Construction manager Suffolk’s “Cave” Smart Lab allows clients to virtually set foot inside buildings before they break ground and allows architects and project teams to identify challenges in advance. Photo by J. Michael Worthington Jr.

Construction manager Suffolk’s “Cave” Smart Lab allows clients to virtually set foot inside buildings before they break ground and allows architects and project teams to identify challenges in advance. Photo by J. Michael Worthington Jr.

It has given more freedom to architects and allowed construction firms to communicate more effectively throughout a project’s lifespan. And for a Boston digital ad agency, it creates that “wow” factor that clients are increasingly seeking.

Virtual and augmented reality applications are changing design and the way projects are understood today, giving the industry a new high-tech understanding of real estate. 

The technologies have two distinct applications: virtual reality totally immerses a user within a created world that gives them 360-degree views, disconnecting them from their surroundings. Augmented reality layers information in 3-D graphics onto the real world and a person’s present and physical experience. 

Boston-based architects Arrowstreet has been using VR/AR for nearly three years for two objectives: as a way to restructure meetings and create more a more flexible work arrangement and as a way to allow clients to get the feel of a space not possible from two-dimensional drawings. 

“I think we as architects sometimes forget that it can be difficult to read drawings,” said Scott Pollack, an Arrowstreet principal. “As good as a beautiful 2-D representation can be, it’s not the same as being in the space. And for a long time, people were not going to discover what a place was like until it was actually built. There’s a control and a temporal quality to when you’re actually in a place.”  

Getting a client to strap on the virtual headset is only half the battle. Creating content that is worth their time for that experience is crucial, said Amy Korte, an Arrowstreet principal. 

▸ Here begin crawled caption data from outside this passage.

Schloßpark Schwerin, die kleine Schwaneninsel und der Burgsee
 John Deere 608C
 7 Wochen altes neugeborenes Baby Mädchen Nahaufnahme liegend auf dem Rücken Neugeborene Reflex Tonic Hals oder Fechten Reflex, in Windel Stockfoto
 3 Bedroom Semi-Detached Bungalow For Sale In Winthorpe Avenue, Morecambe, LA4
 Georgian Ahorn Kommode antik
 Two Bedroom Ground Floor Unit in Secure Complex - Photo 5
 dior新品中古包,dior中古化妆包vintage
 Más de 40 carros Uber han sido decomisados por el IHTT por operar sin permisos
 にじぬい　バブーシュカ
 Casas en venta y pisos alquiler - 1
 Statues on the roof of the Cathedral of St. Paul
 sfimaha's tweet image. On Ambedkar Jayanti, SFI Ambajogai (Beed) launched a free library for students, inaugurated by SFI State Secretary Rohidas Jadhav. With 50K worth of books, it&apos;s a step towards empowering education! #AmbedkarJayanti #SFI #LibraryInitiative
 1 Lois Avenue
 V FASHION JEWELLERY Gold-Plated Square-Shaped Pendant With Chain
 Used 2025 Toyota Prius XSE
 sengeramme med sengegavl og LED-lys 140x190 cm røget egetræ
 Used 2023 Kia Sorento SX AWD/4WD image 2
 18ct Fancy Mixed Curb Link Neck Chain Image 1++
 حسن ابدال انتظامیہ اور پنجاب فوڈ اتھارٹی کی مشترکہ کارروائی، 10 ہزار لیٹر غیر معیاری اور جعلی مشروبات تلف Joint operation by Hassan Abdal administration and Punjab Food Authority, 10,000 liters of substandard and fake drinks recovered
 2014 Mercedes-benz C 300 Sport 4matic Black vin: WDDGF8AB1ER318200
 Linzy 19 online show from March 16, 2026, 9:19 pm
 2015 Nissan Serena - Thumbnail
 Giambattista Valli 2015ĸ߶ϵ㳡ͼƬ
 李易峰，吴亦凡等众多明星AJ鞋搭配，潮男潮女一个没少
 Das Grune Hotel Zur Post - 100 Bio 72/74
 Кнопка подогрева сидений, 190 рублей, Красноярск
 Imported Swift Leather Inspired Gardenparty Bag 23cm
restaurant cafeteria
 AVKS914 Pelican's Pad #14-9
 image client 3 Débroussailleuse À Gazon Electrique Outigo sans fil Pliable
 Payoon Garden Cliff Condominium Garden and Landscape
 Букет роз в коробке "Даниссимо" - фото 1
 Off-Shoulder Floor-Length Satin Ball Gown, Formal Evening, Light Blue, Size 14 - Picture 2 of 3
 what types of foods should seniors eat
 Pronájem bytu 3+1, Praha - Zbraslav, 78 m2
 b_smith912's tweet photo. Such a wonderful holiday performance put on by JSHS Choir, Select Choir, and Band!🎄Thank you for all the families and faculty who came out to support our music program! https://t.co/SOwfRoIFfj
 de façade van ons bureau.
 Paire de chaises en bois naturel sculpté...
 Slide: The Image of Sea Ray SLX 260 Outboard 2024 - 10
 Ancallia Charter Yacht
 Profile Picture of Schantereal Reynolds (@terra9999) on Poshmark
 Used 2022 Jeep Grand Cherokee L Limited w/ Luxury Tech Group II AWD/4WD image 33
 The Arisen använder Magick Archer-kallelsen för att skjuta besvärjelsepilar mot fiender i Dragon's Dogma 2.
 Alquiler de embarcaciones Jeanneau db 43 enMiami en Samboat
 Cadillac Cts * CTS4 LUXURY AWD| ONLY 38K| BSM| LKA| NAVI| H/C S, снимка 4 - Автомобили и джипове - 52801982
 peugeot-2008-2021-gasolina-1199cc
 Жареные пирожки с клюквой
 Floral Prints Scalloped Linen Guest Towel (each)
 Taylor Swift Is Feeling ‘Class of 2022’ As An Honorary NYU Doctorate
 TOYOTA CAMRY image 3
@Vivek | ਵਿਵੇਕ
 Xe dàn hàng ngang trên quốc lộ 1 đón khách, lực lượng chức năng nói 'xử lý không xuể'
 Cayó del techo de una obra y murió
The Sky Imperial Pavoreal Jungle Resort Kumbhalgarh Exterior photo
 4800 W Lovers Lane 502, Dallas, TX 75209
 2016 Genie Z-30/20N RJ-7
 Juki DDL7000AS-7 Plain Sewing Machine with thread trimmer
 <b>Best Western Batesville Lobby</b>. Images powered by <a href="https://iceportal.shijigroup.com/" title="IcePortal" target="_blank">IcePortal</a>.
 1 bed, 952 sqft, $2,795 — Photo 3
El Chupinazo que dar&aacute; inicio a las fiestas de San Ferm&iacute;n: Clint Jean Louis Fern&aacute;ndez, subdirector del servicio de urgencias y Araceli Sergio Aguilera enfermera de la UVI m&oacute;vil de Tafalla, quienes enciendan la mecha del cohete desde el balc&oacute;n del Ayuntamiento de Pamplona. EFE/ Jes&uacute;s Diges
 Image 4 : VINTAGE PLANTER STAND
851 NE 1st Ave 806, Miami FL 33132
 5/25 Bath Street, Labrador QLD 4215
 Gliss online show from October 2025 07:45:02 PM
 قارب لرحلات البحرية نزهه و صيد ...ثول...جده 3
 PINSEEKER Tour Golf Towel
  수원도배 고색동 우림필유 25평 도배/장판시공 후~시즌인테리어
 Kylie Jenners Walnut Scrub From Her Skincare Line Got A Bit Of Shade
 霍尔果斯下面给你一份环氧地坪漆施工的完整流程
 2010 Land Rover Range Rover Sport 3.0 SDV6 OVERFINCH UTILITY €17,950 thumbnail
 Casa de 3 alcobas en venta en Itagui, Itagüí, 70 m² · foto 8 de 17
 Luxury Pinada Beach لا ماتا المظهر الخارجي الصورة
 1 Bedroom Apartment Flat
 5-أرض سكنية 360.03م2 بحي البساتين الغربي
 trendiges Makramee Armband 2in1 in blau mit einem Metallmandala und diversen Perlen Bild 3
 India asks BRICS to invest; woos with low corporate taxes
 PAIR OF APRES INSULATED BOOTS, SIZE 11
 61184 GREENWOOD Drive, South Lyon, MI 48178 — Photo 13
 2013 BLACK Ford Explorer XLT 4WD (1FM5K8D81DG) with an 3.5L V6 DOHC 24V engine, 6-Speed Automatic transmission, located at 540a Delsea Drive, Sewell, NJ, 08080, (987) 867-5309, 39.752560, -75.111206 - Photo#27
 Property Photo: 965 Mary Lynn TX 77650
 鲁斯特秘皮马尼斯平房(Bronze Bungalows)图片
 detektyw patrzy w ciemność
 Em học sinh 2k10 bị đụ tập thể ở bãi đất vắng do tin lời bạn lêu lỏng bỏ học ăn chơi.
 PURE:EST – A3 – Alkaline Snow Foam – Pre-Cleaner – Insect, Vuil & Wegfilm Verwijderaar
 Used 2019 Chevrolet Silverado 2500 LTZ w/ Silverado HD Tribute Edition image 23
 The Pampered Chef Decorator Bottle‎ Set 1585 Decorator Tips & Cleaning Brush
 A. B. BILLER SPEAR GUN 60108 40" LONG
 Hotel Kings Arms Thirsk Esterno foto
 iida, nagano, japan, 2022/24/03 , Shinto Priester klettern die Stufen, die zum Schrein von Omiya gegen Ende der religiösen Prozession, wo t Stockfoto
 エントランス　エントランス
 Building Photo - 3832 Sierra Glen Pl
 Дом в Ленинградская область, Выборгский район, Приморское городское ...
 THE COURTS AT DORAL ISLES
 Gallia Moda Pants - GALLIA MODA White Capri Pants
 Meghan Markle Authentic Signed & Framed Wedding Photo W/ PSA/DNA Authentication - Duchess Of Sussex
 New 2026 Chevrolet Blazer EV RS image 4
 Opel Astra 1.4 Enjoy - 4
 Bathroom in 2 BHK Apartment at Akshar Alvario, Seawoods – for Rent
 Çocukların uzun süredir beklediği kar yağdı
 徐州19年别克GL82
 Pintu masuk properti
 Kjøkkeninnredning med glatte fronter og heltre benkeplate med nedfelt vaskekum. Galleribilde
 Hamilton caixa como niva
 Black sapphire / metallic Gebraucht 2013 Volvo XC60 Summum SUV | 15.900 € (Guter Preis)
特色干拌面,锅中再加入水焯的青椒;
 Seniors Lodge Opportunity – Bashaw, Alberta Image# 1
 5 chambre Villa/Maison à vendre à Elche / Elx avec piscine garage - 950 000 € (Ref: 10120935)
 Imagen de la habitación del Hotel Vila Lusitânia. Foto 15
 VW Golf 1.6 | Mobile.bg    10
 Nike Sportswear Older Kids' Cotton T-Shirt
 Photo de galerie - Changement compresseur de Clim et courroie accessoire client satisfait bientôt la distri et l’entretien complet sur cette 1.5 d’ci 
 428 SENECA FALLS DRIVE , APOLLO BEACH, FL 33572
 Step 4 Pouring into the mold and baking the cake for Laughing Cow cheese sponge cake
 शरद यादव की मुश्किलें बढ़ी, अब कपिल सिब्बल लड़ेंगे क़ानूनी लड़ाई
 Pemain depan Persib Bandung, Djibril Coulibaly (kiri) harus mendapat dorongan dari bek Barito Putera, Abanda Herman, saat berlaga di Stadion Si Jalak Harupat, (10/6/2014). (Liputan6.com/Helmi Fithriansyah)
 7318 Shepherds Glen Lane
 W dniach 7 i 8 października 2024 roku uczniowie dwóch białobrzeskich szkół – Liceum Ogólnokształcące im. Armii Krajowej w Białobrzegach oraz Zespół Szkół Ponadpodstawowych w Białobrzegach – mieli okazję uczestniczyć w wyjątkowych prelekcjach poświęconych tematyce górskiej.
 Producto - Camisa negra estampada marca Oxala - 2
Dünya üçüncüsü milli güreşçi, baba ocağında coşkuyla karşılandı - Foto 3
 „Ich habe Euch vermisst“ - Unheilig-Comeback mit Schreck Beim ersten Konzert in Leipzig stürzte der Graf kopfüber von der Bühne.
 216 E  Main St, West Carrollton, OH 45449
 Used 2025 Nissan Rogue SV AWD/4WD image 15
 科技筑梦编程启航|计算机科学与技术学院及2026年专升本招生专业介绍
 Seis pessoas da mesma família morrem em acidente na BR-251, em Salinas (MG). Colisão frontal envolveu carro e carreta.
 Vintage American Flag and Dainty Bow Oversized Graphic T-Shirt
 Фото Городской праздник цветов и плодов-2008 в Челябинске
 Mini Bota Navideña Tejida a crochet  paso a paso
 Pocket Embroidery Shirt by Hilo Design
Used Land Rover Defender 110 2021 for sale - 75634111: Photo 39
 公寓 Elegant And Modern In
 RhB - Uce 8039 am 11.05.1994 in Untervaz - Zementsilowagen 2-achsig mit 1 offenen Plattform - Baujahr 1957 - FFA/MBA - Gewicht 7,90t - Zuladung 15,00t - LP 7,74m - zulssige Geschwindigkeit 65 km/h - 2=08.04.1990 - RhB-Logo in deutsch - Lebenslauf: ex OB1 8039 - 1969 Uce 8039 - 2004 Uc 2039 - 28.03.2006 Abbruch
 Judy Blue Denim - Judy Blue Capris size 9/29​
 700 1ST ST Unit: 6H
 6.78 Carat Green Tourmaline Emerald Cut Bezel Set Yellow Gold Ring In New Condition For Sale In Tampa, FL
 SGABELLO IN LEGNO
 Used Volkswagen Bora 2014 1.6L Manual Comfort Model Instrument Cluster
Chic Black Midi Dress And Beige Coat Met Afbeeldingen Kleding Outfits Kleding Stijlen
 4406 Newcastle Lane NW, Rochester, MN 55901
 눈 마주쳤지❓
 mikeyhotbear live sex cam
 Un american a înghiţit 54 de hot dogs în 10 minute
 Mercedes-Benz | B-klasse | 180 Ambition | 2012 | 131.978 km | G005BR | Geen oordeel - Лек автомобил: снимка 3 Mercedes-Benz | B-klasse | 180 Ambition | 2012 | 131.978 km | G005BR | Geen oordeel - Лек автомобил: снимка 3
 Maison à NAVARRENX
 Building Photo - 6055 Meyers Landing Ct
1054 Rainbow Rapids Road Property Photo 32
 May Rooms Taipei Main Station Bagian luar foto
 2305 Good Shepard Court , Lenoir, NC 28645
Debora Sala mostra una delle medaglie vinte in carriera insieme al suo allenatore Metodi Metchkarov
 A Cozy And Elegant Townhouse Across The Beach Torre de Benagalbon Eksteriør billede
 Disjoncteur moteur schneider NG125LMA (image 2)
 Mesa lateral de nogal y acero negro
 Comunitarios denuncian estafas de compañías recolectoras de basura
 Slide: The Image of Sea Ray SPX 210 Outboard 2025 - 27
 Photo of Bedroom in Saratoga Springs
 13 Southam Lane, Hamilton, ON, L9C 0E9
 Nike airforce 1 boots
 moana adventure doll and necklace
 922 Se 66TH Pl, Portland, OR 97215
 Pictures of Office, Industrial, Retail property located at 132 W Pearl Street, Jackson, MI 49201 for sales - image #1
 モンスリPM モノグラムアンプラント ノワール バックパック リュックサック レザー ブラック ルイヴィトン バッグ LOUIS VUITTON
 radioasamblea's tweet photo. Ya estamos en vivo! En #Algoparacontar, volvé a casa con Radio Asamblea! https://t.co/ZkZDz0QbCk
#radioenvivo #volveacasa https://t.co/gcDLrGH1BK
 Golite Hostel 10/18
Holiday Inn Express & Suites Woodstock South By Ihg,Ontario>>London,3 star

“You really have one shot with our clients to get them into the virtual reality headset and that content has to be exquisite,” she said. “There’s certain ways that we can represent things internally to us inside the office, but when we put our clients into the headsets or into an AR experience it has to be the quality has to be so much better than anything they can experience on paper.” 

In architecture, good design still comes from a good idea. However VR/AR open up new ways architects can create buildings. 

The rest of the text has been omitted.